Business Operations of the Federal Government

September 19, 1934

Report Outline
Expansion of Federal Business Activities During Depression
Principles Underlying Government's Business Enterprises
Federal Business Activities Before the Depression
Emergency Business Activities of the Government
Sinclair Plan for State Production in California

Expansion of Federal Business Activities During Depression

Federal efforts to combat the depression have expanded the business activities of the government, inevitably increasing the area of competition with private business. The freezing of bank assets in the spring of 1933 and the cautious policies pursued by bankers since that time have led the government to extend one type of credit after another until it now occupies a position of dominance in the field of finance. The development of water power projects to serve as “yardsticks” by which to measure the fairness of private utility rates, the launching of a vast social experiment in the Tennessee Valley, and the purchase and processing of surplus goods for distribution to the unemployed have embarked federal agencies upon widely diversified types of business activity.

Even before the emergency expansion of federal activities, private business had become alarmed over the varied business ventures of the national government. While not conceding that public agencies could produce and sell merchandise at lower rates than private enterprises, organizations of business men declared that failure properly to compute costs and unfair methods of competition gave a false picture of government business operations which tended to encourage their expansion and thus progressively to restrict the markets available to independent producers. The shrinkage in the total volume of the nation's business has caused the relatively small amounts of commodities produced by the government in most cases to take on an added importance during the depression.

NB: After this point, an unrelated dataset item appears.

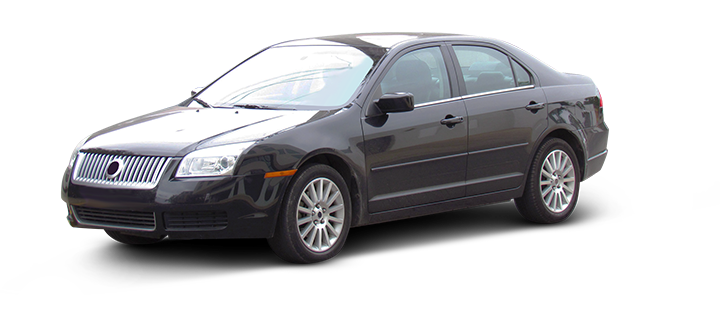 black mercury sedan | Ten-Four Auto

Roosevelt on Relations Between Government and Business

President Roosevelt's views on government and business have been modified during the 22 months since his election The platform upon which he campaigned, and which he accepted in every detail, advocated “the removal of government from all fields of private enterprise except where necessary to develop public works and natural resources in the common interest.” In his book published in March, 1933, Roosevelt said: “We do not want the government in business.” He pointed out, however, that while it has been American doctrine that the government must not enter business in competition with private enterprise, it has nevertheless been traditional for private business to ask for all kinds of governmental assistance.